Last week, the Wrexham Leader (3 January daily and 5 January weekly editions) published this article on John Gallanders’ views about smaller charities in the Wrexham area being close to collapse.
I wrote this letter to the editor in reply:
Re. article in the Big Wrexham Leader 5 January: Smaller Charities ‘close to collapse’
John Gallanders, Chief Officer of AVOW, says: “Charities in Wrexham are really starting to struggle and the future is looking bleak for some.” It strikes me that individuals and funding bodies might have more confidence in giving to local charities if the umbrella body set up to represent them, AVOW, had more credibility. AVOW is still being run by a Chief Officer who was found by an employment tribunal to have abused his position and behaved reprehensibly, to have manipulated the Trustees and usurped their role, and a Trustee Board (including Chair and Vice-Chair) who failed in their duties, took no proper decisions of their own, deferred all decisions to their officers, even when dealing with a complaint about the Chief Officer, and oversaw grievance processes that the Tribunal found to be “from start to finish… a sham”. The employment tribunal panel stated more than once in their findings that they were “shocked”, commenting that this was not a word they used lightly.

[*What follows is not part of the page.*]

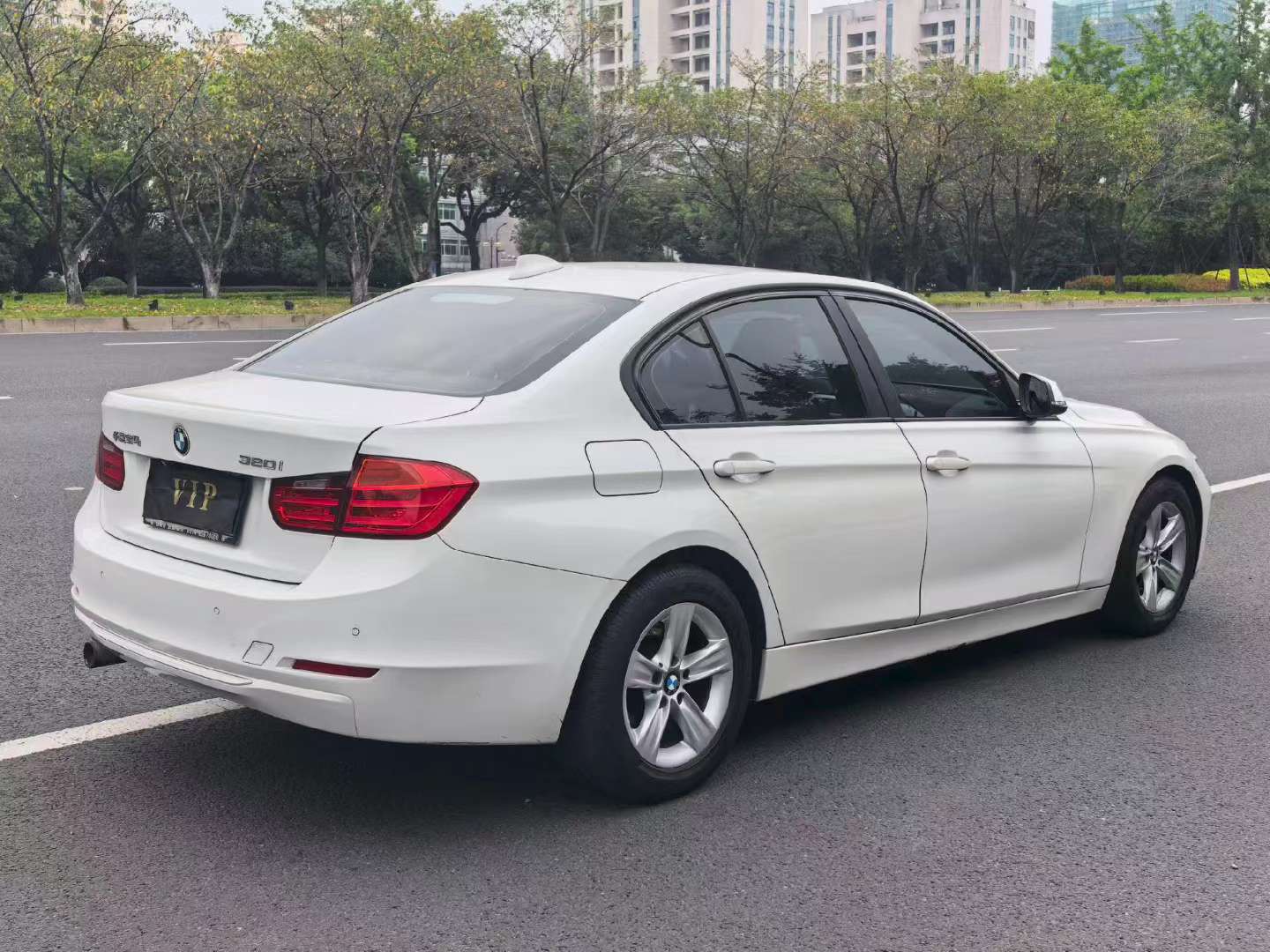 BMW 3 Series 2014 320i 2.0T Fashion 7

John Gallanders says: “With larger charities doing such a good job on drumming up support, smaller charities get forgotten about.” He is presumably talking about his own charity as one of the successful larger ones. AVOW’s empire building, which has led to it having around 60 members of staff, could be seen as directly contributing to the demise of smaller local charities. There is also a big question to be asked about the continued funding of AVOW, given the serious findings of the employment tribunal and lack of change at the top following those findings.

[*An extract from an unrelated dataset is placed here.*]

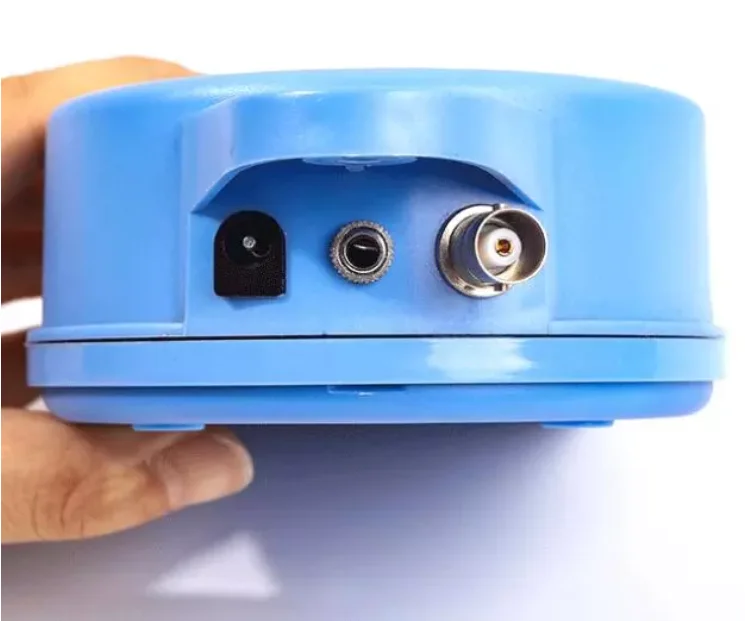 

High precision portable automatic calibration acidity detector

AVOW took over the running of Plas Madoc Communities First project, which had serious governance problems, after AVOW’s own serious governance problems had been identified and exposed at the Employment Tribunal. This move doubled AVOW’s staff team overnight. Neither AVOW nor the Welsh Government has provided an answer to the question: When did AVOW inform the Welsh Government about the Employment Tribunal and its findings, which were known to AVOW on 14 March 2011? If there was more transparency about public funding of charities, there might be more public confidence among those considering making voluntary donations.

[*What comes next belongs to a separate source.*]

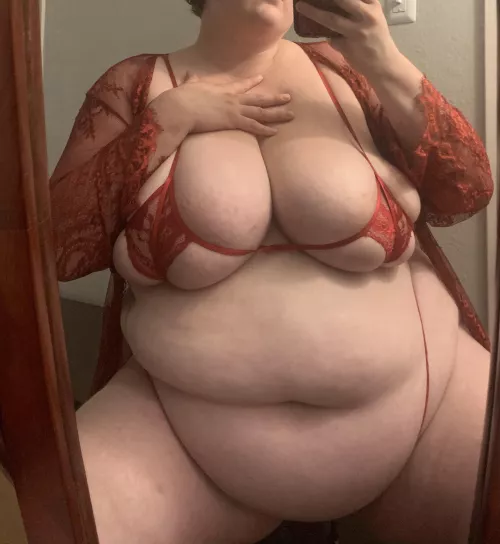 I love the color red. Do you?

The article states: “Mr Gallanders revealed many of the grant-giving organisations such as the National Lottery are experiencing a significant increase in the number of applications resulting in the same amount of cash being spread more thinly among the ever-increasing number of charities which rely on it.” I can reveal that the Big Lottery Fund is one of the most frequent and regular visitors to my blog notavow.wordpress.com, which details the sorry tale of AVOW and the employment tribunal. I would suggest that AVOW’s damaged reputation is likely to impact negatively on all charities in Wrexham applying for funds.
John Gallanders talks about smaller charities facing mergers and downsizing to keep them afloat. In the past, we had one Voluntary Services Council for the old Clwyd local authority area and it is open to question why public money is being used to pay for separate voluntary services councils in Wrexham, Flintshire and Denbighshire. Given the findings against AVOW and the lack of any action (beyond a secretive internal investigation that won’t reveal its full terms of reference, will not say whether its findings will be made public and has declined to interview me, the main witness, as part of its inquiry), it would seem appropriate that public funders should be looking at transferring the governance of AVOW to another body in the same way that the governance of Plas Madoc Communities First was transferred. Maybe AVOW needs to be merged.